Change in results without changing the code

The traditional software engineering approach is to run tests every time there is a change in the codebase. But applying machine learning to DevOps, you need to remember that the quality of machine learning can change with no changes in the code.

The amount and quality of training data are critical for the results.

A testing cycle is usually triggered by a change in codebase. The push to Github starts other tools to build, test, etc. Github is a great tool for managing code, though not so great for managing data sets. Even it cannot host real-sized data sets — the limit on file size is 100M.

Our small data set was still able to fit into the Github repository and as it is pure text it was even able to show differences in each version. As it grew, we moved it into a separate storage account and used a set of python scripts to clean it and split it into a train file and a test file. At the same we had to change the frequency of retraining the classifier as the training time took too long.

Time to train the classifier

The third challenge every machine learning application faces in CI/CD cycle while applying to DevOps is the time needed to train the classifier. An agile process should be fast and able to make changes in a production system as soon as possible. Training of a machine learning classifier can easily take several hours or days. We had to move from retraining on each build to our current approach of retraining weekly to bi-weekly.

There are two basic architectural approaches to address these challenges with a lot of possible shades between them.

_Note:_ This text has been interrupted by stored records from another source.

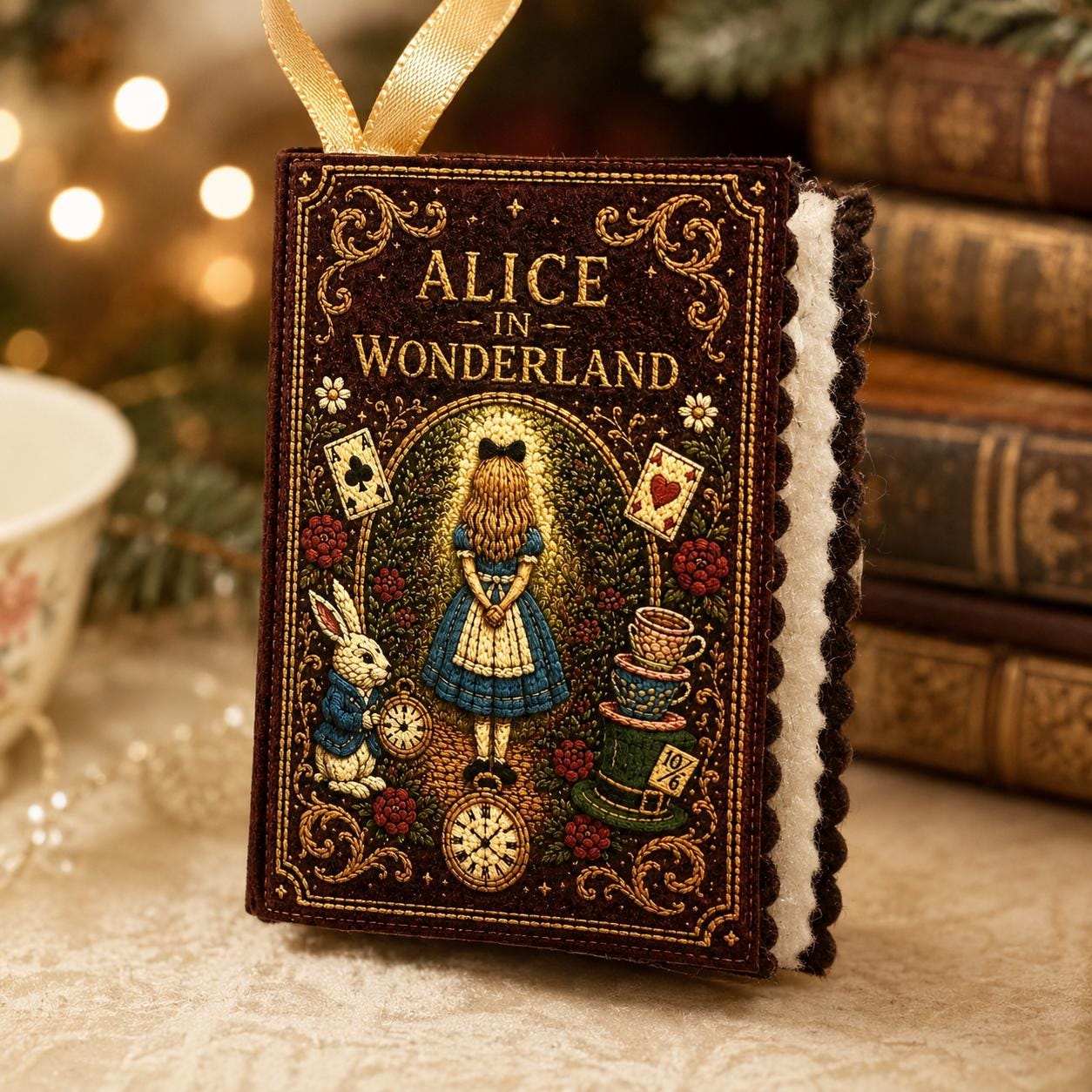 Alice in Wonderland Feltie - handmade book ornament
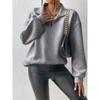 Waffle Grid Quarter Zip Pullover Sweatshirt, Casual Long Sleeve Lapel Sweatshirt for Fall & Winter, Women's Clothing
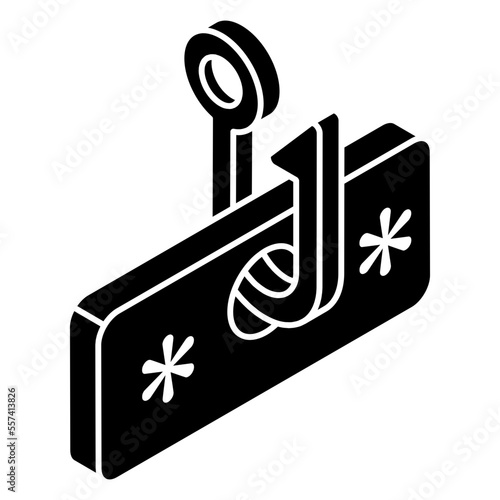 An editable design icon of password phishing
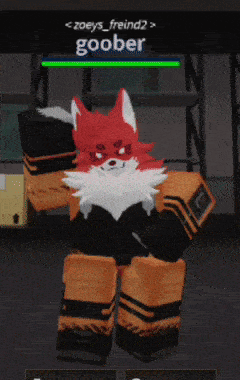a red and white fox is standing in front of a screen that says goober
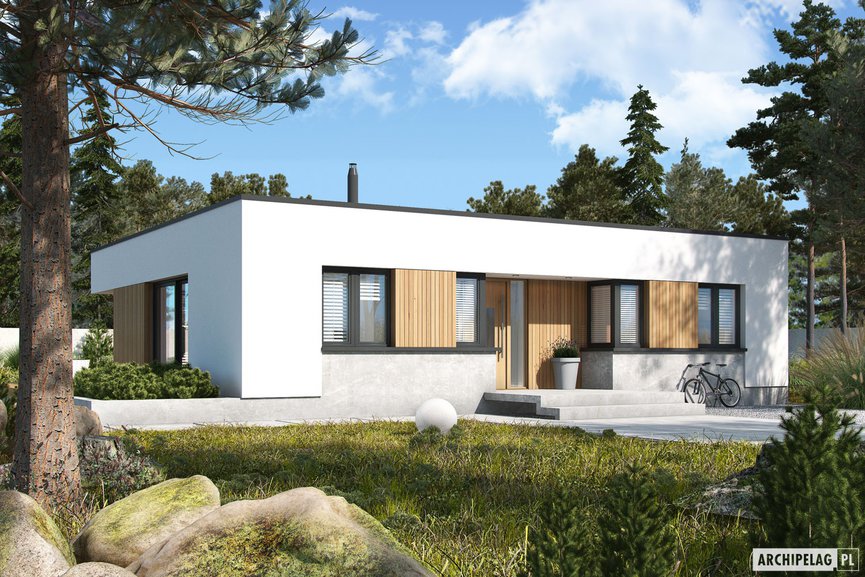 Projekt małego domu z płaskim dachem Mini 4 MODERN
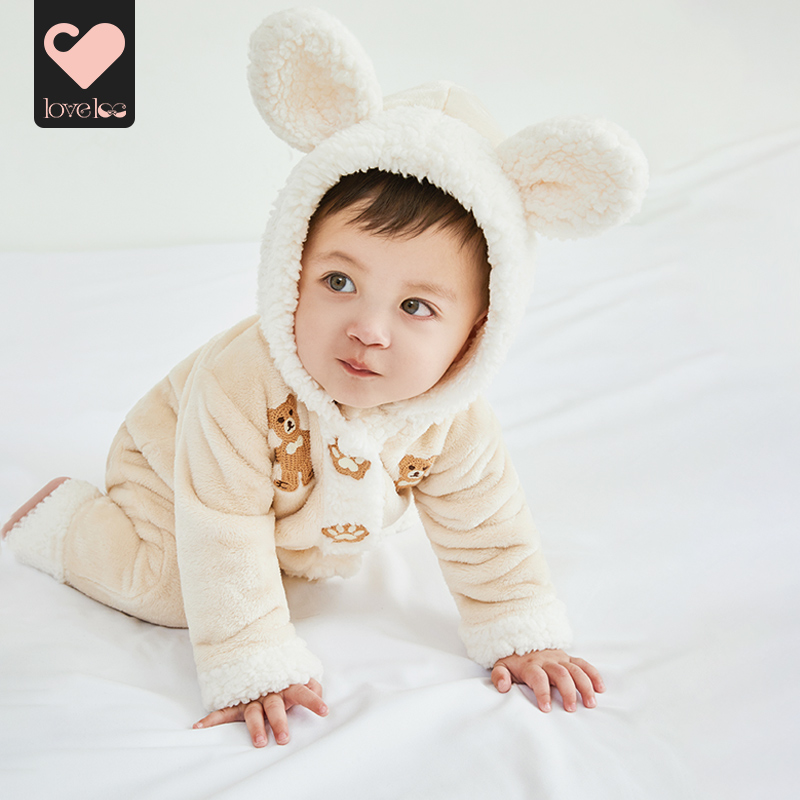 loveloveloc秋冬加绒加厚爬服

Include full processing into your CI/CD cycle

This is where we have started. And it looks to be the easiest and the most straightforward way for a small team and a small dataset.

Pros:
• Easy fit to existing process
• Full visibility of changes either in code or in data

Cons:
• Slow process
• A lot of “failing builds” for no apparent reason or change in code
• Complex management of training and testing data sets

Carve out the machine learning part into a separate service

Pros:
• Clear separation of responsibilities
• Ability to use different languages / frameworks for each part (in our case python for machine learning and javascript for bot)

Cons:
• Risk of premature definition of services

Final thoughts

Our experience shows that there is no one-size-fits-all approach to combining traditional software engineering and machine learning in one project.

At the early stages of the project when our data structure and features were changing often, the most simple approach was the best. Quick and dirty is sometimes the best way.

It did allow us to start the feedback cycle and evolve the model. The important thing is not to forget the technical debt you are building into the software. As our data set grew we had to start moving parts out of core service.

The second step was to separate machine learning into independent services. By the time our build/test run went for 6 hours we had to move it out even though the rest of the software was not ready to separate into a microservice architecture. The main driver for the separation of machine learning is the size of the data set.

What is your experience with applying machine learning to DevOps?